# Skinning coyotes warm video



## CaptainNorthwood (Jan 3, 2006)

I've never skinned a coyote warm but after seeing this video it looked alot easier. I usually don't have time to skin in the field due to lack of time before going to work. But if it is as easy as this guy makes it look I might have to re-think that decision. Heres the video for anyone interested.


----------



## lang49 (Aug 1, 2005)

When I first starting skinning canines, I too was of the opinion that skinning when the animal was warm was easier than cold. Now that I've got more experience, I'm not so sure that's true.

Sure, there are places where the hide seperates more easily from the carcass. But, it's also alot easier to tear holes in the places where the hide is thinner.

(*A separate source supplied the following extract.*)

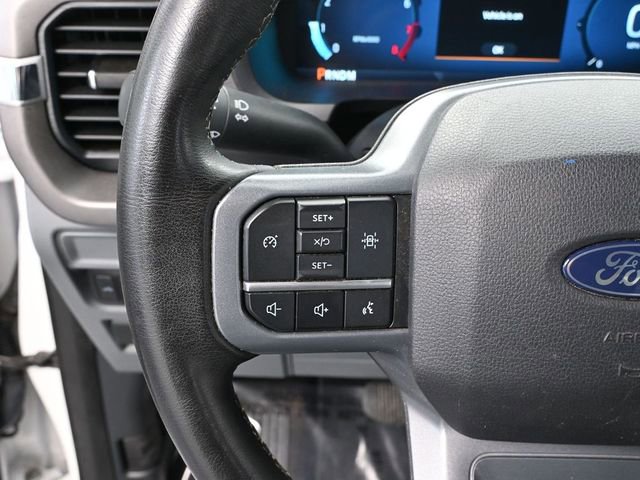 Used 2024 Ford F150 XLT w/ Tow/Haul Package image 27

In hind sight, I think I prefer skinning a cold carcass as opposed to a warm one.


----------



## Beaverhunter2 (Jan 22, 2005)

I was thinking about putting my skinning machine in the receiver of my truck then next time I trap coyotes and just getting 1/2 mile away from the set and skinning them (warm). Now I'm not so sure. I may still try it, but I'll keep your thoughts in mind, Lang.

Thanks, Guys!

John


----------



## Beavermeadow trapper (Jan 15, 2011)

I've skinned a lot ***** out at night time hunting- it easier, but the time you loose checkingTraps or hunting is not worth it in my eyes. I can be more relaxed in my shed with heat and a cup of coffee. You'll find your self rushing though the skinning and through making the reset possibly. Just thought to think about good luck.


----------



## FREEPOP (Apr 11, 2002)

Lang is the first person that I've heard from that has tried warm skinning and went back to cold. I know Seldom really likes warm skinning as I do. Randy Smith has a video and I think they timed him at 3 minutes. He throws the coyotes right at the set. I believe coyote carcasus may draw in others because the mangy coyote I left in the filed last year turned into a canine hub with unbelieveable amounts of tracks and scent posts. Just my observations an thoughts though and I wish I weighed more so I could pull a coyote like that.


----------



## Moose57 (Sep 7, 2009)

Man these guys sure make it look real easy! Im not sure I could peel a banana in 3 mins let alone peel a coyote in 3 mins. I would much rather peel a warm yote than cold one. Still takes me at the minimum 15-20 mins to peel a warm yote...

To the guys that can peel one in under 5 mins...


----------



## ottertrapper (Jan 6, 2006)

From my limited experience of skinning hot or cold I would take hot anyday of the week, they peel so much easier and it goes a lot faster. Just remember to be careful is all. Guys I know that catch good numbers of coyotes prefer warm over cold that was one of the first things I was warned about.

OT


----------



## CaptainNorthwood (Jan 3, 2006)

I can't comment on coyotes cause as I said I have never skinned one warm. I've skinned everything from ducks to deer to elk and I always had an easier time with a warm body than a cold one. About the only thing I found that didnt change warm or cold was a goldenye.....they suck. If they were as big as a coyote nobody would ever shoot one. :lol::lol:


----------